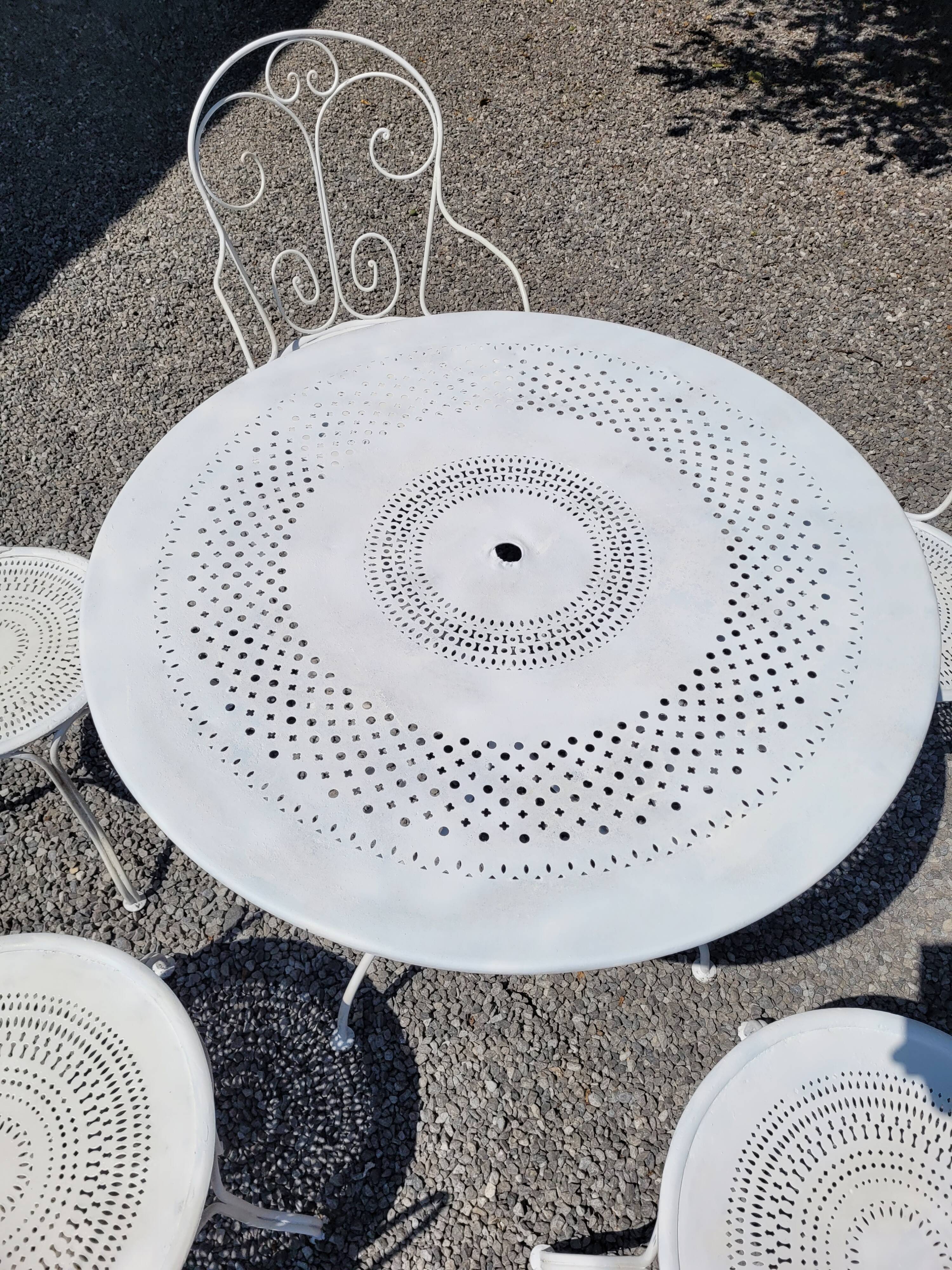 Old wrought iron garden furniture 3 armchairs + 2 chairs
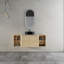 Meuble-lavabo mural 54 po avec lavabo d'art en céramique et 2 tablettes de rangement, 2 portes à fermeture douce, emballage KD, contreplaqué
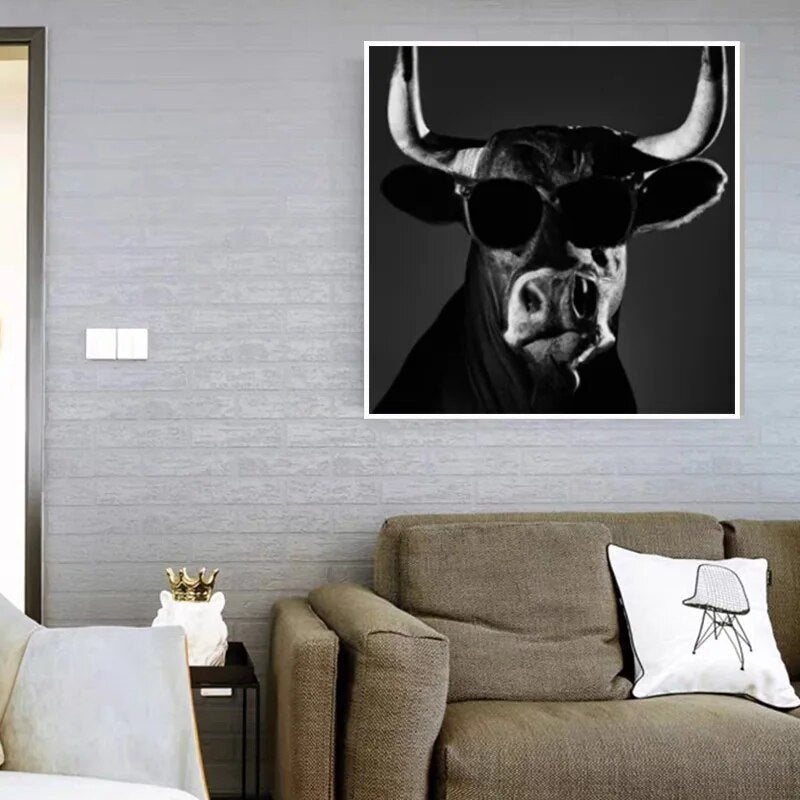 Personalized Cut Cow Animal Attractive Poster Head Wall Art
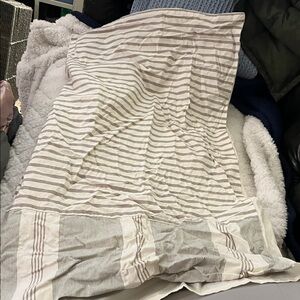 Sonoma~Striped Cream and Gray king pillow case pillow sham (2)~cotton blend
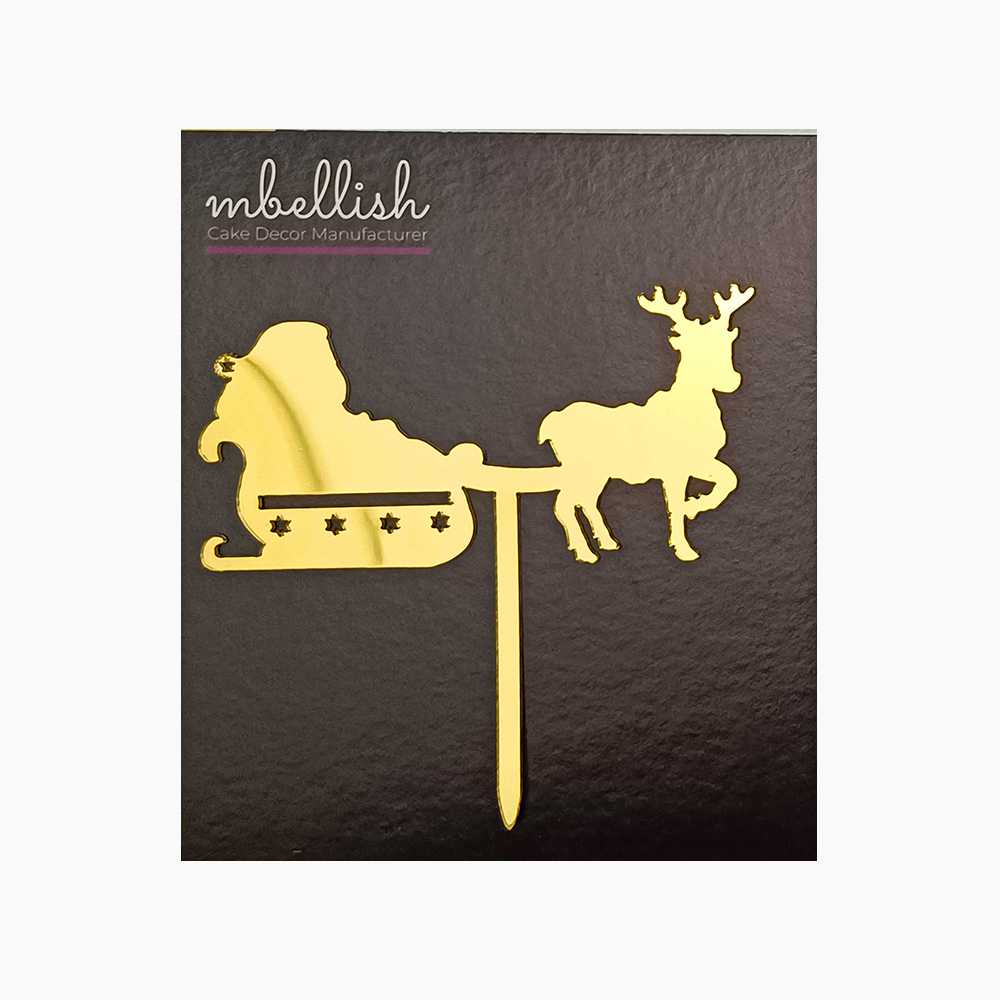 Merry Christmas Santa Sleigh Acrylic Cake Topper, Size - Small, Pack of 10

▶ Aim of the task
In the listing above, find the line with "Meuble-lavabo mural 54" and the line with "Sonoma~Striped Cream and". Copy exactly those lines and all between them, minus the images.

▶ Solution for this problem
 Meuble-lavabo mural 54 po avec lavabo d'art en céramique et 2 tablettes de rangement, 2 portes à fermeture douce, emballage KD, contreplaqué
 Personalized Cut Cow Animal Attractive Poster Head Wall Art
 Sonoma~Striped Cream and Gray king pillow case pillow sham (2)~cotton blend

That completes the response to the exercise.